One Year After the Japan Earthquake: A Journey, Part IV
For many cities and town in Japan, centuries of wars and natural disasters have taken their toll on the country’s historic fabric. This is no less true for Kesennuma. After a big fire in 1915, another fire raced through the entire city in 1929, reducing it to ashes. Thus, the oldest buildings date to 1929-1932. Three of the most historic buildings in town, all dating to this period, are located harbor side within blocks of each other. It is these badly damaged survivors that the town has asked WMF to look at for assistance. They are the oldest surviving structures in the Kesennuma, and there is a deep commitment on the part of the city to save and restore these buildings considered landmarks to the fishermen that return to port and to the resident community.
Otokoyama House, a wood building with a faux-stone, western-style façade sake store and brewery was swept off its foundations onto a neighboring lot; the lower floor was destroyed and only the top floor of three stories survived the tsunami. The harbor side street on which it sat is now almost 2 feet lower than the original grade. In addition to fishing, Kesennuma and it environs are famed for its sake. Kakuboshi, another sake shop and brewery, was also severely damaged by the tsunami, the ground floor was swept away, and the upper floor was swept to the back on the site and sits rammed into two neighboring buildings that are slated for demolition. Takeyama is a two-storey rice shop that was severely damaged by the tsunami. A portion of the ground floor was swept away and the second story sits on metal supports.
The prospect of restoring these buildings or their remnants raises some daunting questions:
- How does one restore the building when only the upper floor of a two or three-story building remains?
- What about the surrounding cityscape, since the lots around these structures are now devoid of an urban context?
Some of the issues are technical, others are about values. Even if all the resources necessary were available, it wouldn’t make sense to “restore” some of these buildings without first finding out what the overall master plan is for restoring the rest of the city - especially the harbor side.

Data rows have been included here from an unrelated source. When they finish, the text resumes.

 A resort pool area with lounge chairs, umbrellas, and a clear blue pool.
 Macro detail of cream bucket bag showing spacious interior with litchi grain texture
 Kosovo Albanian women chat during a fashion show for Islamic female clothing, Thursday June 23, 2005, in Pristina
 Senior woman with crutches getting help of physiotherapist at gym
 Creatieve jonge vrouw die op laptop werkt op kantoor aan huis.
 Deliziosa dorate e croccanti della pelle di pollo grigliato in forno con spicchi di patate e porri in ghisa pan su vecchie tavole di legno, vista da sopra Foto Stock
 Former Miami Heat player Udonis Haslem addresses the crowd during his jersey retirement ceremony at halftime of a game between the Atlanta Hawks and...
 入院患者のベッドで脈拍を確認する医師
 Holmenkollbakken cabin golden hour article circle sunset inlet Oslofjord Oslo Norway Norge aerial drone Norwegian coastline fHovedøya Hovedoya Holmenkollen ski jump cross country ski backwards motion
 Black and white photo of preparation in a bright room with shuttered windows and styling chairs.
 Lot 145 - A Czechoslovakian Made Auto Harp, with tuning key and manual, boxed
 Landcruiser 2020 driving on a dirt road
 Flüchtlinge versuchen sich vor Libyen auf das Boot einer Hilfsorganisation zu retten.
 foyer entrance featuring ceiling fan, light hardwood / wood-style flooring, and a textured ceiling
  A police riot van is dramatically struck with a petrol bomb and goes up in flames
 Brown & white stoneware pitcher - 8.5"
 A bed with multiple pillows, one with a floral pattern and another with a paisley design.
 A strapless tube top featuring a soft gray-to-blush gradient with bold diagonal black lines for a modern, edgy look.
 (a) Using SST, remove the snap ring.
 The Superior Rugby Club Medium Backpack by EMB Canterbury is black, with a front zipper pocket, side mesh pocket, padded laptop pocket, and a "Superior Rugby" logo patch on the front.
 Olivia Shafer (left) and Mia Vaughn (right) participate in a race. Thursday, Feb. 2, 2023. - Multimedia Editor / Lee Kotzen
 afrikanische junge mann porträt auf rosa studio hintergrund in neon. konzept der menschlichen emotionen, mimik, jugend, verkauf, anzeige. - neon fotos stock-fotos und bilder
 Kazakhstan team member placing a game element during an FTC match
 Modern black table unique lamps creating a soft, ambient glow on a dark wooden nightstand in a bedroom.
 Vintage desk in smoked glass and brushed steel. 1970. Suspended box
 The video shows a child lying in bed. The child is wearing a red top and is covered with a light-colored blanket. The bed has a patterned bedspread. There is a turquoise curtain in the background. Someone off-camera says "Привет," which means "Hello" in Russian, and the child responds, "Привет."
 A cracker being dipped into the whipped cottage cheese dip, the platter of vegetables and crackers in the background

A big question is the safety of the residents and the risk of future earthquakes and tsunami, which, in a country like Japan, are inevitable. While some coastal towns seem likely to be abandoned and not repopulated, that will not be the case for Kesennuma. The question is how to make it safe. Some options are now being looked at. One calls for building a huge dyke (about 20 feet tall) surrounding the entire harbor front. Many residents and officials are against this. Not only is the efficacy an issue, but it would also cut off the harbor from the community. It would be like living in a walled prison. Another option being considered is to rebuild the town as it was, but rezone the use. The harbor front and low lying areas would be used only for fishing and commercial purposes while all residential areas would be relocated to higher ground. This seems to be the current preference. A final decision by the local government will be made within the next few months.
In the meantime, the most urgent need for Otokoyama House, Kakuboshi, and Takeyama is to ensure their immediate safety, as their current position is precarious. The upper third floor of Otokoyama House sits on the neighboring property where it was deposited, subject to the elements and potential collapse. The upper second story of Kakuboshi is wedged up against two modern buildings that are slated for demolition. If it is to be saved at all, it will need to be moved before the other two buildings come down, lest it too be demolished. The footings under Takeyama are temporary and must be secured before the lower floor can be reconstructed.
Local carpenters feel confident that they can use the Japanese tradition of Hikiya—the moving and reconstruction of traditional Japanese wooden buildings—to move Otokoyama House and Kakuboshi, and eventually rebuild new lower floors for them. They would then place the surviving upper floors of these two buildings atop their new bases. Whether these newly hybrid reconstructed/restored buildings would be built in their original harbor side locations or on higher ground has yet to be decided, but the community would like to at least have that choice. They would like assistance with cost for moving these buildings to a safe location before wholesale demolition of any remaining buildings begins in April.